**Goal of the exercise**
Exact reproduction is required for the lines below starting at the line with "Report: Chargers RB" and ending at the line with "Motorista perde controle", both included. No other lines, and no pictures.

**Provided entries**
════
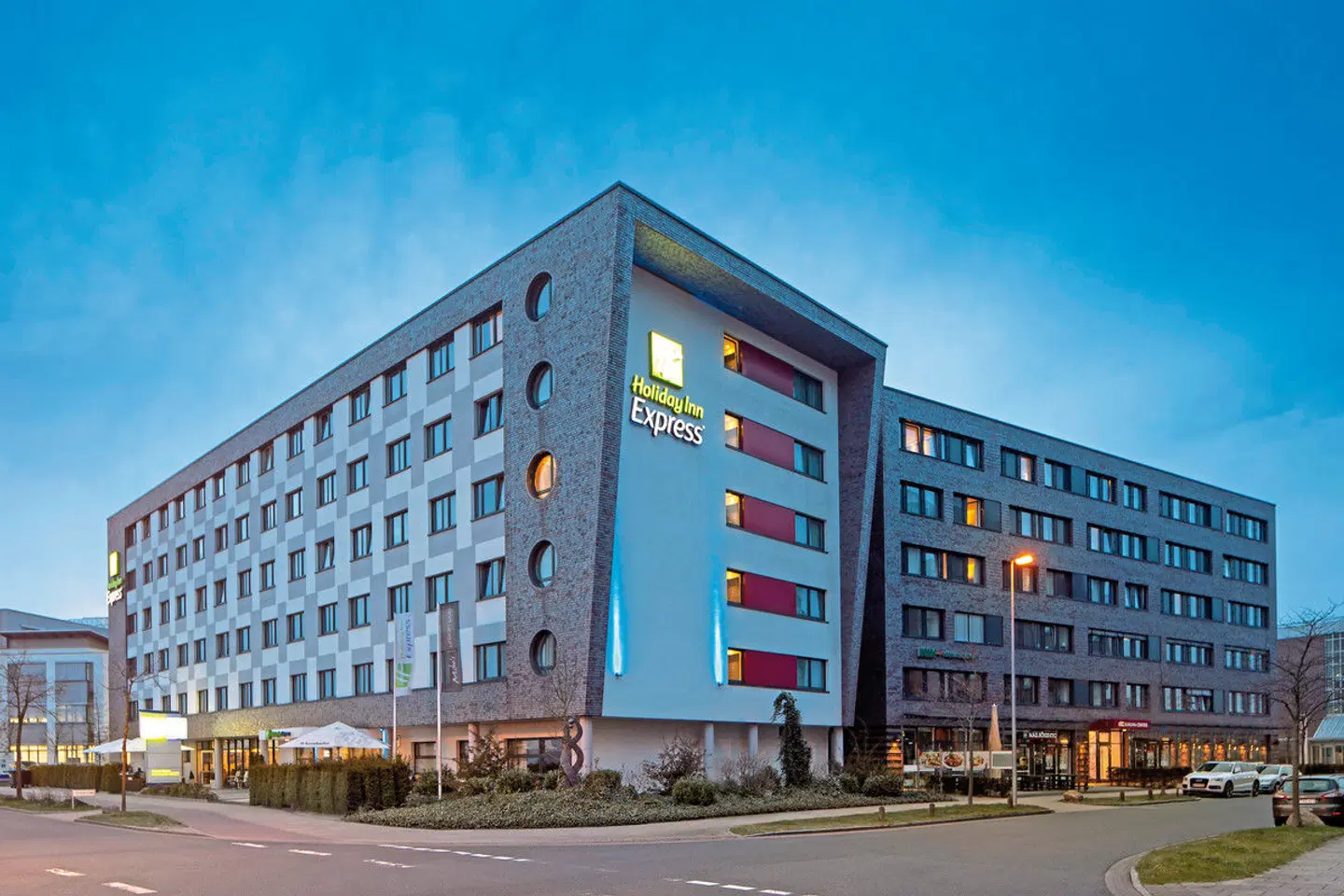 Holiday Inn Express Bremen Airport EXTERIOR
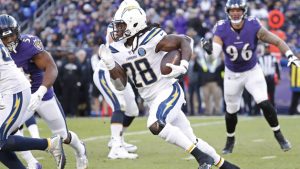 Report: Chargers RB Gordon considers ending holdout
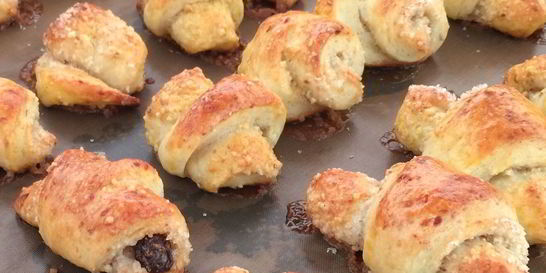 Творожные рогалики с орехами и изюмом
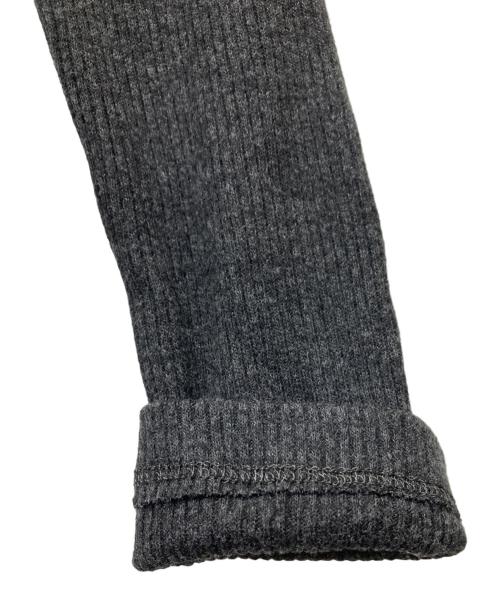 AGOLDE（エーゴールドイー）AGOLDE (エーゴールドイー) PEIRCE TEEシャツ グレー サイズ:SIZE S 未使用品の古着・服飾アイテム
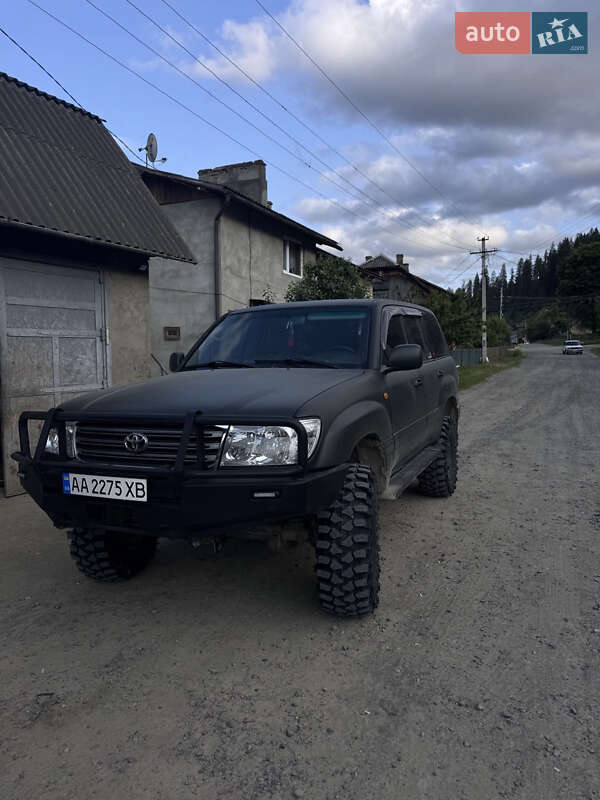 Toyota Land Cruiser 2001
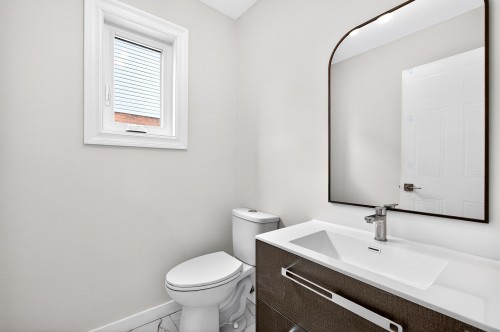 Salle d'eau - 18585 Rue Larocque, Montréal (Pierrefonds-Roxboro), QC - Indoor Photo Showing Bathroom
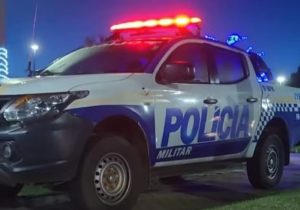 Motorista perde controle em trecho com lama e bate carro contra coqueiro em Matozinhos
════
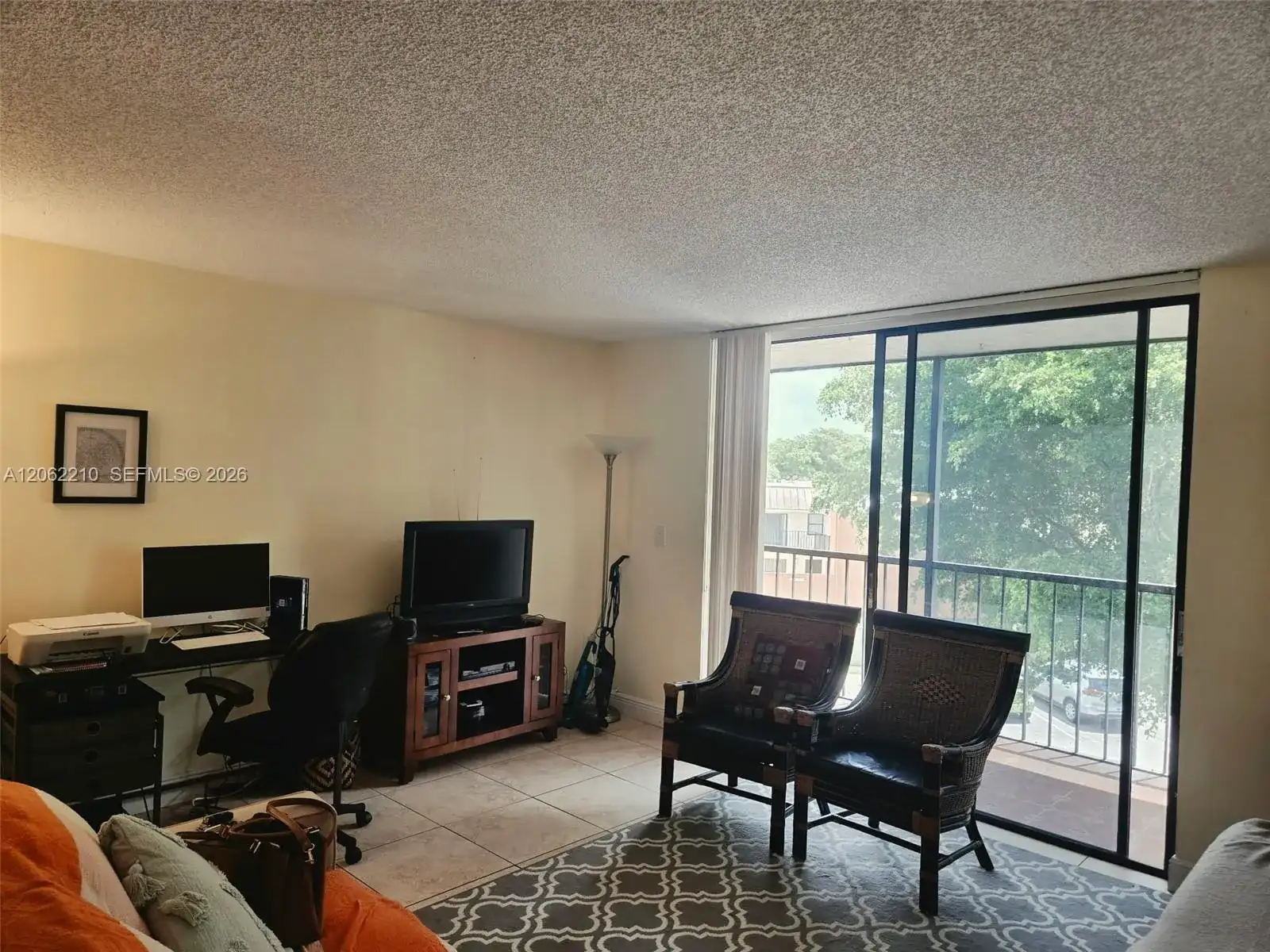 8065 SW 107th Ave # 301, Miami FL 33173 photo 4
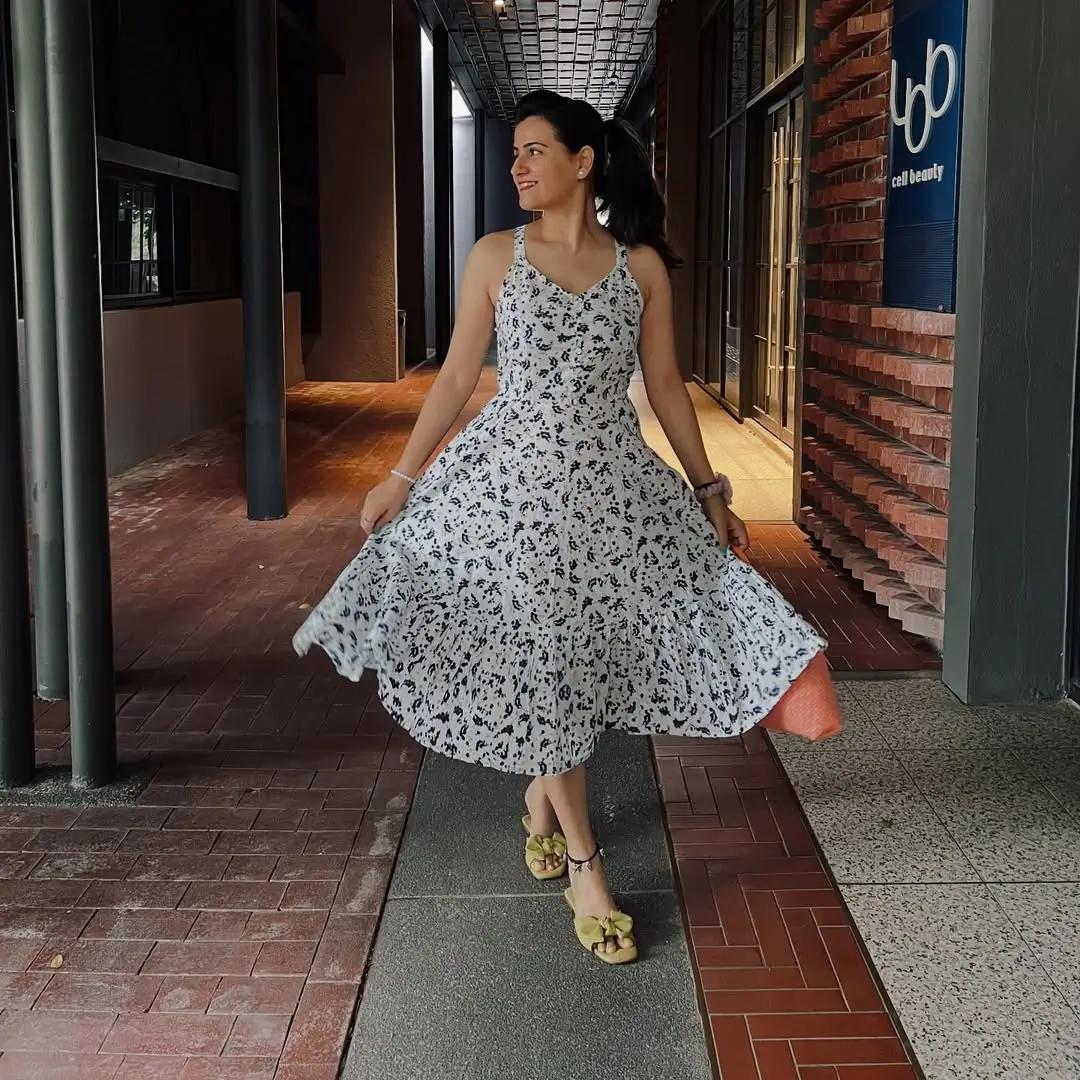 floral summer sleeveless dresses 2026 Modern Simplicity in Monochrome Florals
════
**Exercise answer**
 Report: Chargers RB Gordon considers ending holdout
 Творожные рогалики с орехами и изюмом
 AGOLDE（エーゴールドイー）AGOLDE (エーゴールドイー) PEIRCE TEEシャツ グレー サイズ:SIZE S 未使用品の古着・服飾アイテム
 Toyota Land Cruiser 2001
 Salle d'eau - 18585 Rue Larocque, Montréal (Pierrefonds-Roxboro), QC - Indoor Photo Showing Bathroom
 Motorista perde controle em trecho com lama e bate carro contra coqueiro em Matozinhos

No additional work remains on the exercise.